Nonetheless, nearly all of the sentiment measures have revealed a notable improvement over the last couple of months, reflecting the drop in energy prices, lower interest rates, and higher stocks prices. The improvement here may suggest some increased optimism for business managers as well, and may translate to a pick-up in hiring on the month.
Right on Track The employment components from the factory-sentiment surveys have been mixed in October, implying risk of no big change on the month relative to recent trends. Recent trends in the Help-Wanted Indexes have been consistent with a slowdown in job growth.
The September Challenger job-cut survey, released Oct. 3, jumped to 100,300, which represented a 40% year-over-year increase, the largest increase since July, 2005. The rebound in the October ADP survey to 128,000 from 78,000 and the 0.9% rise in the October Hudson Employment Index to 101.4 bode well for our forecast.

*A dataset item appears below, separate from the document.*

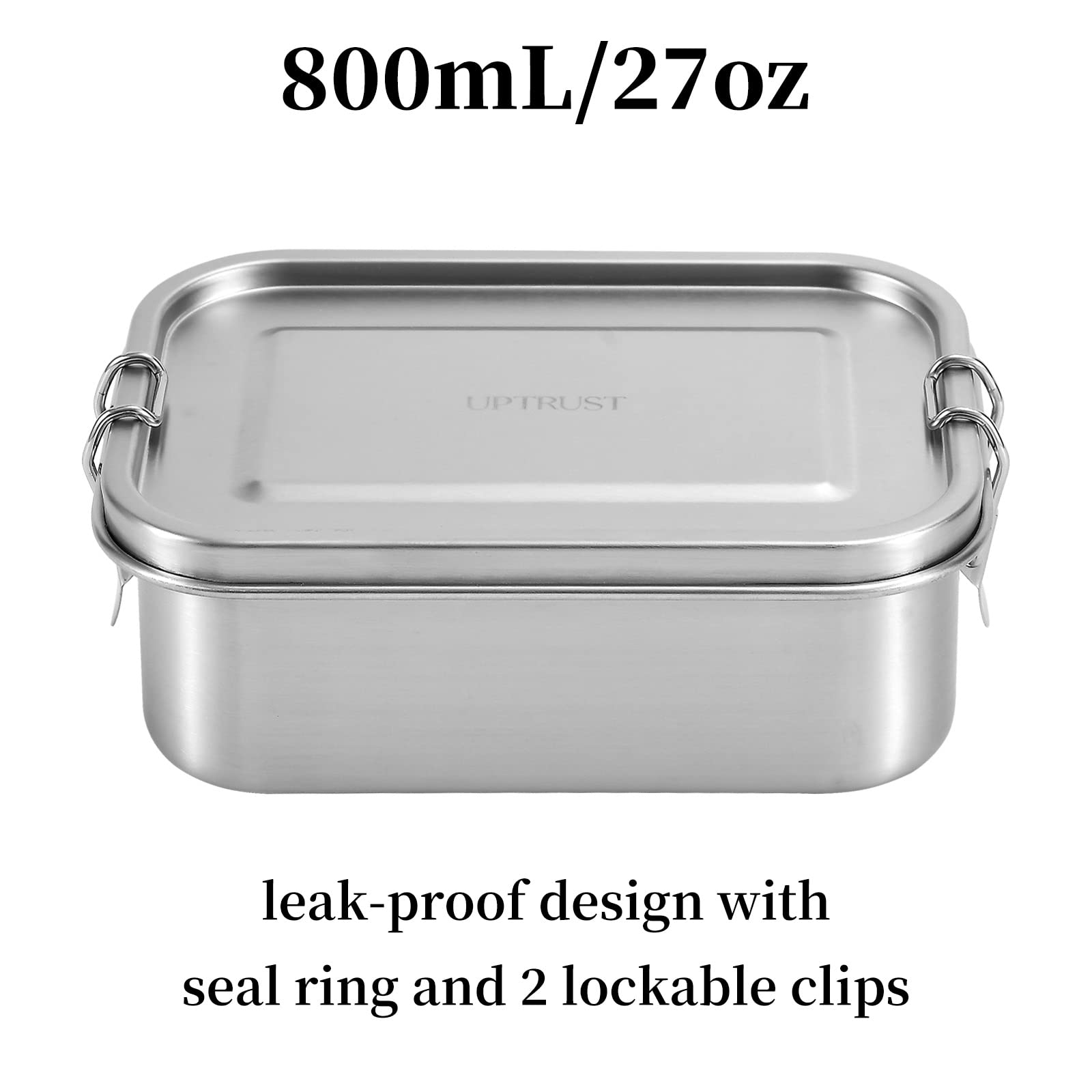 Uptrust Stainless Steel Lunch Food Container, 800Ml/27Oz, Bento Boxes Metal Lunch Box - Lockable Clips To Leak Proof- Adjustable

The degree of bounce in payrolls in October from the restrained September figure will be watched closely by the markets. As we always note, it's the full mix of figures from the report that should be monitored rather than just payrolls, and this is particularly true until we get the benchmarked data in February.
Federal Reserve policymakers will be keeping a close eye on the October report, but unless there's a big upside surprise in job or wage growth, Bernanke & Co. should be able to stick to their current policy track and keep the "pause" button pressed for the next several months.